Needless to say, this is the most excitement the Mississippi Democratic Party has had in a long time. Though there is no breakdown of the party's demographics in the state (Mississippians do not have to reveal their party affiliation or ethnic categorization when they register to vote), the state's population is almost 40 percent black (the largest ratio in the country, according to the 2006 census), and African Americans form the core of the party. While there is certainly momentum for Obama among this community, it tends to be concentrated mostly amongst younger black voters. Many older black voters I spoke to were cynical about Obama’s prospects, and looked forward to voting for the wife of "American's first black president," as I have heard time and again down here.

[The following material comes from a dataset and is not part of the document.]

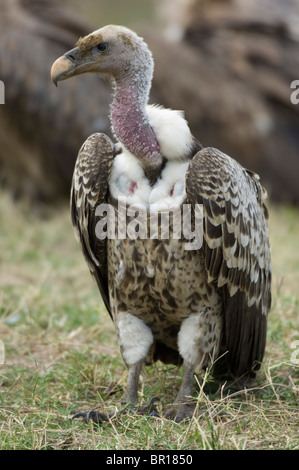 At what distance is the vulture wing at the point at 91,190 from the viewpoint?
393cm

On Saturday, I tagged along with Theresa, a young graduate of Jackson State University, as she canvassed an old, slightly ramshackle, mostly black neighborhood around the not-so-clublike Country Club Drive. She is a community activist who has often canvassed neighborhoods looking for jobs for recent high school graduates, but this was her first time canvassing for a political campaign. “[Obama] gives me goose bumps,” she said.
But as we walked through what most people would peg as Obama territory, we ran into many staunch Hillary supporters, such as one elderly woman who, upon seeing the Obama flyers in Theresa’s hands, declared that although she was born in 1928 and had lived through the worst of Southern racism, her vote lays firmly with Hillary. “Sexism is as bad as racism,” she said from behind her screen door. Was she registered? Yes. Would she be out on Tuesday? Yes.
Later that day, we walked up to a middle-aged black man on our route. “Where’d Barack come from, man?” he asked. “Senator Clinton should have had a chance to run unopposed. Where’d Barack come from? The only change he’s going to bring is a cosmetic change. ... He’s taking us for granted, the African Americans, because he can do that.” Theresa was undaunted. “Obama just speaks to my heart,” she told him me as we walked on to the next house.
Nientara Anderson, a former arts editor at the Jackson Free Press, is a writer based in Yazoo County, Mississippi.